Determine which lines of the records include the word "event", and copy them.

________

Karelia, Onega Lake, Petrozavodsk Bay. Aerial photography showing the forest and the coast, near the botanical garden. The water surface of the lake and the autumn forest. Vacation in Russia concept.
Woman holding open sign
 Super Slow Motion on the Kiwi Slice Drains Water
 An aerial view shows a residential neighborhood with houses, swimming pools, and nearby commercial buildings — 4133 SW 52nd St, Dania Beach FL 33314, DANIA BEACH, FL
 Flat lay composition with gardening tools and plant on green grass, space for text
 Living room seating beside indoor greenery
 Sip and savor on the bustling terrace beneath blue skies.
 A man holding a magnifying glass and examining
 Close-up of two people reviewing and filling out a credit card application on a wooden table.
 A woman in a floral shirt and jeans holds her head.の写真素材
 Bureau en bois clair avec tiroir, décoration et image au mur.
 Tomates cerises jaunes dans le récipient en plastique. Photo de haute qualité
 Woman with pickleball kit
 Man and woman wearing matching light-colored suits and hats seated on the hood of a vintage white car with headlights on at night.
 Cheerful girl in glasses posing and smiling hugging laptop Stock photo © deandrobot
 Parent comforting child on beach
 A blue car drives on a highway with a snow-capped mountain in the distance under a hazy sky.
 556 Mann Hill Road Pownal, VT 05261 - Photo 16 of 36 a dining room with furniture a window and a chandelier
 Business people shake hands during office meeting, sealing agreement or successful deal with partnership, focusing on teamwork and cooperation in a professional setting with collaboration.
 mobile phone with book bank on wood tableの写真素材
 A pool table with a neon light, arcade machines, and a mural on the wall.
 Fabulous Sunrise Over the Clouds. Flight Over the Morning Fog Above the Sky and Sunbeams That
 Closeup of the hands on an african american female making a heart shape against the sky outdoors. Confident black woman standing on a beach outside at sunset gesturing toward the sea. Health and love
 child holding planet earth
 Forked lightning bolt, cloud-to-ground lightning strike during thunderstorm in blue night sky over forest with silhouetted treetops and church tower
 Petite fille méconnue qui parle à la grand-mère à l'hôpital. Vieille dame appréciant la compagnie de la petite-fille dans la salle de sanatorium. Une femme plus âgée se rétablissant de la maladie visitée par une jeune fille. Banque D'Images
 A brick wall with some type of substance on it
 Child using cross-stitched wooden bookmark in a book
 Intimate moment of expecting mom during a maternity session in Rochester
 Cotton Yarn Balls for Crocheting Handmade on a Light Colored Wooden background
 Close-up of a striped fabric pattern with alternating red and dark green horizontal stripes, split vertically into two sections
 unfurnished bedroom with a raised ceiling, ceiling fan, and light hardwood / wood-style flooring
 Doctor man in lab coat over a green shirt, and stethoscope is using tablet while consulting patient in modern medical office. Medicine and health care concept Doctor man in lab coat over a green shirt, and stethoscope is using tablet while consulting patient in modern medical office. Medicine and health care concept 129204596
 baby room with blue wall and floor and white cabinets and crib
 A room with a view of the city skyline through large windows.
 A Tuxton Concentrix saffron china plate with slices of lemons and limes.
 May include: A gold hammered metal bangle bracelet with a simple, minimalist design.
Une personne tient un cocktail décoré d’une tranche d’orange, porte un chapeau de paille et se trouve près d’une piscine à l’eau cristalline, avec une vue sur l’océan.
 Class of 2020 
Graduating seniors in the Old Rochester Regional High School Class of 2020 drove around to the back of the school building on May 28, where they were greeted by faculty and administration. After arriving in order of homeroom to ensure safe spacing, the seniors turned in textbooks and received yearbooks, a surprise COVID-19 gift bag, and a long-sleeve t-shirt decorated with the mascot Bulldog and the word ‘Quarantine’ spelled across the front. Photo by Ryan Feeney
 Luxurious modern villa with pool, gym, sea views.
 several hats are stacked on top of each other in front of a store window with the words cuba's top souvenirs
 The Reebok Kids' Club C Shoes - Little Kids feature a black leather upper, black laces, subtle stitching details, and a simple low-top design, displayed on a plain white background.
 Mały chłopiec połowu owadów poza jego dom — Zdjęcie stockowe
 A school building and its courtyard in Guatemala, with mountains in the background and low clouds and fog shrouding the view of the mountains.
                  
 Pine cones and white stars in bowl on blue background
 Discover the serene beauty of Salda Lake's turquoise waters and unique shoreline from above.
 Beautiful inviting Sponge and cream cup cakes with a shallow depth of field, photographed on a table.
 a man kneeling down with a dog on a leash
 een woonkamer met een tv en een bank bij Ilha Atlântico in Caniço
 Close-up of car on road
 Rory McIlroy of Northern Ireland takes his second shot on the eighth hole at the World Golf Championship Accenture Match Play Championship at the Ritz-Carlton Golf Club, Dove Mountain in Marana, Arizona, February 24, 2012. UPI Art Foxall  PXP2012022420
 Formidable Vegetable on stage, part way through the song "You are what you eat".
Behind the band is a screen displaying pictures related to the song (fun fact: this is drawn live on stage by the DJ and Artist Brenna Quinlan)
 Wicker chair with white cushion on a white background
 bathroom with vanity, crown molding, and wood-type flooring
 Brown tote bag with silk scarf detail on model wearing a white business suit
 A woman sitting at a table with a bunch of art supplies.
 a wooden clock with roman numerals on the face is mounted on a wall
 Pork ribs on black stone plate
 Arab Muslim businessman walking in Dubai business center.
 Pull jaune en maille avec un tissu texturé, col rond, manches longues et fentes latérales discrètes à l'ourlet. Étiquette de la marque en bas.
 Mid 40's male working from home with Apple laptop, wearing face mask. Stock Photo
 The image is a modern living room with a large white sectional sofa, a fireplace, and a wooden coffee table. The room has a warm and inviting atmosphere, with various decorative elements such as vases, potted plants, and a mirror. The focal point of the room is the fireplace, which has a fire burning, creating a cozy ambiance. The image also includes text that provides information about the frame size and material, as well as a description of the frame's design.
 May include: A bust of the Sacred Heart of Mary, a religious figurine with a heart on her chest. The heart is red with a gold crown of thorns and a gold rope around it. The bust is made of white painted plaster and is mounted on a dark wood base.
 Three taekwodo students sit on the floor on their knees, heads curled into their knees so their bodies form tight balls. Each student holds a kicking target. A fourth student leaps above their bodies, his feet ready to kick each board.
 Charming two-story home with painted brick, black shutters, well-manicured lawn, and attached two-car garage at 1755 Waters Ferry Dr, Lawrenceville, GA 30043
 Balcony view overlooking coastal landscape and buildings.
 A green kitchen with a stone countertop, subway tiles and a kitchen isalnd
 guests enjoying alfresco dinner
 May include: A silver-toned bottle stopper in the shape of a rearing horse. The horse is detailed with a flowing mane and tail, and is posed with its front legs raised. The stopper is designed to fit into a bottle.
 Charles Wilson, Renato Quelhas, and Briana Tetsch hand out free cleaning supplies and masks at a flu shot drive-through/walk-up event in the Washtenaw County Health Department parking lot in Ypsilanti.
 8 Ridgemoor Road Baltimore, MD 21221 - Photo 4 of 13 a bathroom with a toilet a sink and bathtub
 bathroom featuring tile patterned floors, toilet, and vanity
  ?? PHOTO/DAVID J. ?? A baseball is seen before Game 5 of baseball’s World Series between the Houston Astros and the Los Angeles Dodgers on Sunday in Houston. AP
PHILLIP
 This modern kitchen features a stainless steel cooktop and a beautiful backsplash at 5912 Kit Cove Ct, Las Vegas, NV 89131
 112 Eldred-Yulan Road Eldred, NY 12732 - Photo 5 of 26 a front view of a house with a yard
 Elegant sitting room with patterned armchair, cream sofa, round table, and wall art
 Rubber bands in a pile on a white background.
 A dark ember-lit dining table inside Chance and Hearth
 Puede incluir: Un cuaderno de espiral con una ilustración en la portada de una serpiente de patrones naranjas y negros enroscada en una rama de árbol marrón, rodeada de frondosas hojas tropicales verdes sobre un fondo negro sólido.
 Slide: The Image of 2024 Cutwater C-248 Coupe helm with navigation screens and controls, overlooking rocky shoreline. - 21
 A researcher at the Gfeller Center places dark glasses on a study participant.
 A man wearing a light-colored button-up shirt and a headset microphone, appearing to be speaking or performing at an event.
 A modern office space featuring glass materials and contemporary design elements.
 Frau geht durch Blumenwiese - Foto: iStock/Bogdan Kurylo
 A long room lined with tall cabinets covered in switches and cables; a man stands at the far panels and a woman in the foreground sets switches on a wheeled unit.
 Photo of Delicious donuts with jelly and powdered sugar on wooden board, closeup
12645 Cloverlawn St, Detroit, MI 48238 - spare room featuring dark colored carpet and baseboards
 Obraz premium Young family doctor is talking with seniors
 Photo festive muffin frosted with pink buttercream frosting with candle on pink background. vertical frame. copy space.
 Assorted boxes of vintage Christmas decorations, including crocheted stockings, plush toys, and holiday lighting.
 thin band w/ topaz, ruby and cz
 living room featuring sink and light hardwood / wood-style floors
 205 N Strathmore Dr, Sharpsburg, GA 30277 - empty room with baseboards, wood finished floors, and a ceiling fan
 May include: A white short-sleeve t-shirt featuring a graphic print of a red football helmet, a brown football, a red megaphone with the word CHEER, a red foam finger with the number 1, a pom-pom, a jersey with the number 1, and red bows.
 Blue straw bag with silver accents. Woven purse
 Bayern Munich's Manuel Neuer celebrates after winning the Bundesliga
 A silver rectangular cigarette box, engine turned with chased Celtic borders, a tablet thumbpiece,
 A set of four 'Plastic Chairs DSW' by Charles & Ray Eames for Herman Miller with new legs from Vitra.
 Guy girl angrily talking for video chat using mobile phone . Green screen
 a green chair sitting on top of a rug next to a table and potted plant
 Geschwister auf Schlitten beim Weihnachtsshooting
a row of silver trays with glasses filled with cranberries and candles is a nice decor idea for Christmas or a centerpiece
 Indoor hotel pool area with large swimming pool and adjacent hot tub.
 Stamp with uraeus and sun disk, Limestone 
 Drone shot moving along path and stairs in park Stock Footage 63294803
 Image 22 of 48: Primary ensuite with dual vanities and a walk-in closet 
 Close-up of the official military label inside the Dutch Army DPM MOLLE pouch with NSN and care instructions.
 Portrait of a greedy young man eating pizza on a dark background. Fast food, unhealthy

________

YOUR RESPONSE:
 Charles Wilson, Renato Quelhas, and Briana Tetsch hand out free cleaning supplies and masks at a flu shot drive-through/walk-up event in the Washtenaw County Health Department parking lot in Ypsilanti.
 A man wearing a light-colored button-up shirt and a headset microphone, appearing to be speaking or performing at an event.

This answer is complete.